__ASSIGNED TASK__. Each line of the data below that contains "Avenue" must be copied.

[Scraped caption text data]
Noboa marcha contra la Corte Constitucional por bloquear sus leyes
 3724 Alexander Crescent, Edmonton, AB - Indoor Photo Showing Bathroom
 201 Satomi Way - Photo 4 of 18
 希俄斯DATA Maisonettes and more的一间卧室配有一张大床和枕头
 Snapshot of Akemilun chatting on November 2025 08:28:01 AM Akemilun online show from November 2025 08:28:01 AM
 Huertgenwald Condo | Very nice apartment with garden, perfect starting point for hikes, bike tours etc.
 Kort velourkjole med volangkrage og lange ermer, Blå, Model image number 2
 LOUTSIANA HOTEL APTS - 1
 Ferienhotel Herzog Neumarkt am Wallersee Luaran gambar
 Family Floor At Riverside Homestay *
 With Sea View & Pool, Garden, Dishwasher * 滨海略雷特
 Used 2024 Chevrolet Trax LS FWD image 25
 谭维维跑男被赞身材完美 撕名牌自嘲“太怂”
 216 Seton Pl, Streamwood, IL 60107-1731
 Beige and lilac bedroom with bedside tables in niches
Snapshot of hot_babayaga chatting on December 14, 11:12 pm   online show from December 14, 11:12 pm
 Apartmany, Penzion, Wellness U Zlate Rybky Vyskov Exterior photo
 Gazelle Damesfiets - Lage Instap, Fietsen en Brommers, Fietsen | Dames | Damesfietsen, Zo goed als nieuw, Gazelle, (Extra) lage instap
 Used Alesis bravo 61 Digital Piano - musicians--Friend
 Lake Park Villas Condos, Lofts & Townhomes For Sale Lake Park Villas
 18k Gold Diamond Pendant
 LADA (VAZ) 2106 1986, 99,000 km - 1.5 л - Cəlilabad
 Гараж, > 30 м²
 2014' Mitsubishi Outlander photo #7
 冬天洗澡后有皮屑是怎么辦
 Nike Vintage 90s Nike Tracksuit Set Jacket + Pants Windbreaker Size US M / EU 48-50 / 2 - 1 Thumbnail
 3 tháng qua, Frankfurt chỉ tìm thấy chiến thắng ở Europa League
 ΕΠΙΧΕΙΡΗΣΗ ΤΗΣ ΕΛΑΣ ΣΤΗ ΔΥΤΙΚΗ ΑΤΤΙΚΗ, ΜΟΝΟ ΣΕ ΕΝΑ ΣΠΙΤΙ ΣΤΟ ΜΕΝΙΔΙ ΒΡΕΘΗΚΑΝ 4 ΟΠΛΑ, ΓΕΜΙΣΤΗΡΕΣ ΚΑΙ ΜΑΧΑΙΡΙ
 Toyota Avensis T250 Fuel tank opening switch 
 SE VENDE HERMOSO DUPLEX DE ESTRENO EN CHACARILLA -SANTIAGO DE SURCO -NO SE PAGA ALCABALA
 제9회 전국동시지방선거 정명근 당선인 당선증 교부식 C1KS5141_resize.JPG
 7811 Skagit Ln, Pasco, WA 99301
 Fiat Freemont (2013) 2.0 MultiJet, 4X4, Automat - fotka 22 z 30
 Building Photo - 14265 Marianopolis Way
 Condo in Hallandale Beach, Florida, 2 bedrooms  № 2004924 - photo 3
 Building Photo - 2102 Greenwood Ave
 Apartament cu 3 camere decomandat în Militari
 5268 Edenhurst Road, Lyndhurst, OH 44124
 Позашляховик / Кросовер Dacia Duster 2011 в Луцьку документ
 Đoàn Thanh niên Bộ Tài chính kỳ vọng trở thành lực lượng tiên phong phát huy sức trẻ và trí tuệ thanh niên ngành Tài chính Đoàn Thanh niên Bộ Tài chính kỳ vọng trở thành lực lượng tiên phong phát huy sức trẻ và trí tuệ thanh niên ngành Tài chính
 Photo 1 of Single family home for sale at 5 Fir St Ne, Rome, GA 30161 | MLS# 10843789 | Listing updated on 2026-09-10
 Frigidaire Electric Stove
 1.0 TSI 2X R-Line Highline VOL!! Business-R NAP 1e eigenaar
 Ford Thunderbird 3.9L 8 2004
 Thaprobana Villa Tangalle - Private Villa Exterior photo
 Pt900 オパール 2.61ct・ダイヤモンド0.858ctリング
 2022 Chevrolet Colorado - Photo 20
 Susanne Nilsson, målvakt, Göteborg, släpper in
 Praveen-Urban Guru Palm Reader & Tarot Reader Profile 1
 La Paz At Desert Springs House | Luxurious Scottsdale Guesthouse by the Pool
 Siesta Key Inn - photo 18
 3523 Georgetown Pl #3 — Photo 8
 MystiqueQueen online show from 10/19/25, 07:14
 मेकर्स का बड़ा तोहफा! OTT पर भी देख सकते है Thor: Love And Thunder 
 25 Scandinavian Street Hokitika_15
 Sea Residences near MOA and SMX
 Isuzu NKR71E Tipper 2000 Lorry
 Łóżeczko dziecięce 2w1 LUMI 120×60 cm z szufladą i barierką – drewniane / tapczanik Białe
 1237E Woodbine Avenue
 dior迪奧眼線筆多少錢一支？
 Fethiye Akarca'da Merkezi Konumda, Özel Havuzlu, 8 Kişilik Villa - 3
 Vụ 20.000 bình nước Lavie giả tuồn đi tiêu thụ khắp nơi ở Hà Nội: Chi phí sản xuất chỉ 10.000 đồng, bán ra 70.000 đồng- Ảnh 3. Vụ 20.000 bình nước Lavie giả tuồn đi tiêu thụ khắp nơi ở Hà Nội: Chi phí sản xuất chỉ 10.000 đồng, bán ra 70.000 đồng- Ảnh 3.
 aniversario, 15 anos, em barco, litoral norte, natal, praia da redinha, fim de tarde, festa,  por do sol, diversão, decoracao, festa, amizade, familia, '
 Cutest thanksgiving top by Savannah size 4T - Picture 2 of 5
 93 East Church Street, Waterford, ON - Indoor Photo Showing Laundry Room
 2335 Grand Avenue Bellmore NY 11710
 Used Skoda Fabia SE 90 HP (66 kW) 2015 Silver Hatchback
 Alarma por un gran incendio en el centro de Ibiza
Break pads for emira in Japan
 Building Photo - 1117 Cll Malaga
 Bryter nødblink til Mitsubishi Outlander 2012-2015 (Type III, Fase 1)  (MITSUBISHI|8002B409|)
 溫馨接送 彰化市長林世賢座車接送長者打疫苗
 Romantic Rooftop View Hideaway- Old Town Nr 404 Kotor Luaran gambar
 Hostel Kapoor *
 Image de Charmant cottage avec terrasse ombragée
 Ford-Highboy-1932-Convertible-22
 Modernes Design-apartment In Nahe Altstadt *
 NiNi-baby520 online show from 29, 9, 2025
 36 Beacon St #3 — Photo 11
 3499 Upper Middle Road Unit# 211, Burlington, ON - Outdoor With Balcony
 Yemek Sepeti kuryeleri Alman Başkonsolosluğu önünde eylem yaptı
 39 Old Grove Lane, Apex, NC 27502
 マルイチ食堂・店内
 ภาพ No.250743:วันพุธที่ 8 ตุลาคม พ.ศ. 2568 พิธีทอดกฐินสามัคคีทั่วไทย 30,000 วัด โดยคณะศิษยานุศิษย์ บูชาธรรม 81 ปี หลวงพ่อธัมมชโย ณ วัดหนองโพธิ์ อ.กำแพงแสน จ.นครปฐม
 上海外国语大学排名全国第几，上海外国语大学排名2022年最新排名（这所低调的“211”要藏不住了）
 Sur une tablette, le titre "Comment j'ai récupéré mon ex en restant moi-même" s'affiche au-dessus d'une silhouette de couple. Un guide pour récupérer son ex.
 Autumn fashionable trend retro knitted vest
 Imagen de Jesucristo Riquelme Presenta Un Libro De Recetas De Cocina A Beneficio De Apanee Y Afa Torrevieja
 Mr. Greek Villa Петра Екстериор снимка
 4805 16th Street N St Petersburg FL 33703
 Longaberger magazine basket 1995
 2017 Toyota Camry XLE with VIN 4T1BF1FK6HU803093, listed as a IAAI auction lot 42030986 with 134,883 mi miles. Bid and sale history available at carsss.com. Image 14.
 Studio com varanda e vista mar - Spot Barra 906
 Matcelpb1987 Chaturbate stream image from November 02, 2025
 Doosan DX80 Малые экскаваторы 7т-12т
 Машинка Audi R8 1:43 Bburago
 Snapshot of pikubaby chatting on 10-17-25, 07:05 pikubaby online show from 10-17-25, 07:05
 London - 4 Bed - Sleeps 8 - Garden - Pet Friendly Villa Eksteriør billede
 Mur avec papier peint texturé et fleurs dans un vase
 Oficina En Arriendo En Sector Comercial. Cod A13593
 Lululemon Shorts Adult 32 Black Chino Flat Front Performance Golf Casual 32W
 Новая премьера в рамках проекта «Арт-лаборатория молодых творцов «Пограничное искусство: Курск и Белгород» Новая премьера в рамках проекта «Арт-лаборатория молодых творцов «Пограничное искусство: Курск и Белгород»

__OUTPUT OF THE TASK__.
 1237E Woodbine Avenue
 2335 Grand Avenue Bellmore NY 11710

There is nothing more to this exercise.